◆ **The data**
BEGIN

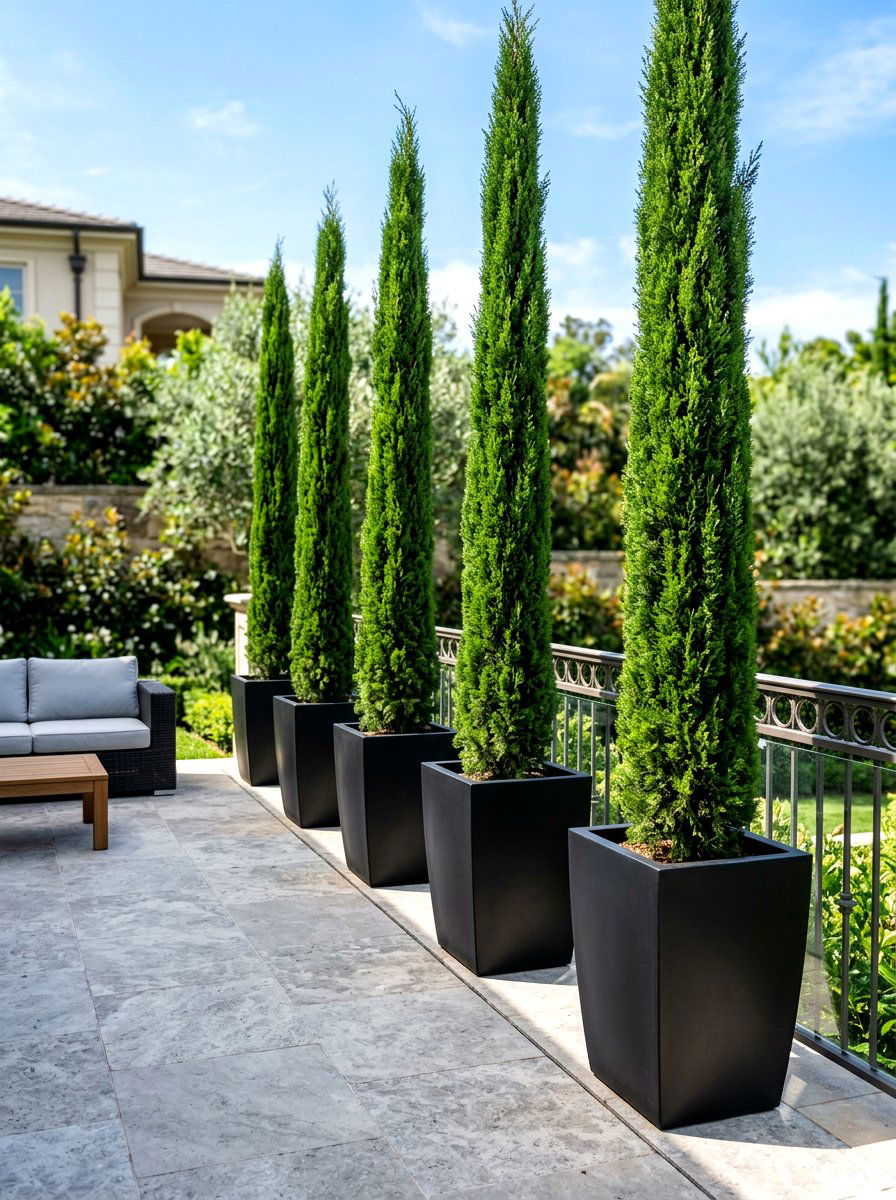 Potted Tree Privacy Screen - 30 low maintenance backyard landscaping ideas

END
BEGIN

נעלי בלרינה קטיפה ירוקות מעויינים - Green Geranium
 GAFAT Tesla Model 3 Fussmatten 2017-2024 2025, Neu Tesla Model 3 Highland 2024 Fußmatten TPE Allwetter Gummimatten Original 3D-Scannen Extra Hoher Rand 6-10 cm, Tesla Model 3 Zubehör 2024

END

◆ **Exercise description**
Could you retype exactly the lines above, starting at the line that contains "נעלי בלרינה קטיפה" and ending at the line that contains "GAFAT Tesla Model", and nothing more?

◆ **Result for this exercise**
נעלי בלרינה קטיפה ירוקות מעויינים - Green Geranium
 GAFAT Tesla Model 3 Fussmatten 2017-2024 2025, Neu Tesla Model 3 Highland 2024 Fußmatten TPE Allwetter Gummimatten Original 3D-Scannen Extra Hoher Rand 6-10 cm, Tesla Model 3 Zubehör 2024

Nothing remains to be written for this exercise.